**Task requirements**: Copy the data exactly; pictures stay out of the copy.

**Data provided**:
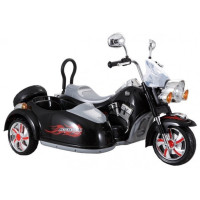 Дитячий електробайк з коляскою LEANToys SX138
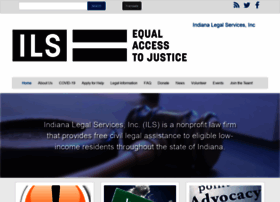 Indianajustice.org thumbnail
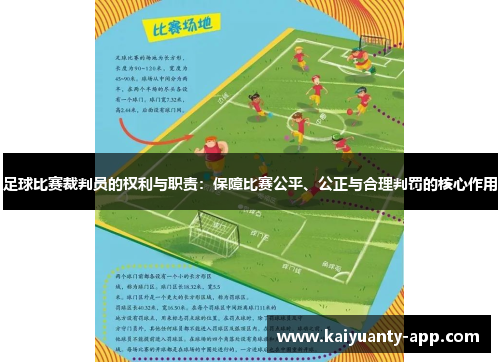 足球比赛裁判员的权利与职责：保障比赛公平、公正与合理判罚的核心作用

**Exercise answer**:
 Дитячий електробайк з коляскою LEANToys SX138
 Indianajustice.org thumbnail
 足球比赛裁判员的权利与职责：保障比赛公平、公正与合理判罚的核心作用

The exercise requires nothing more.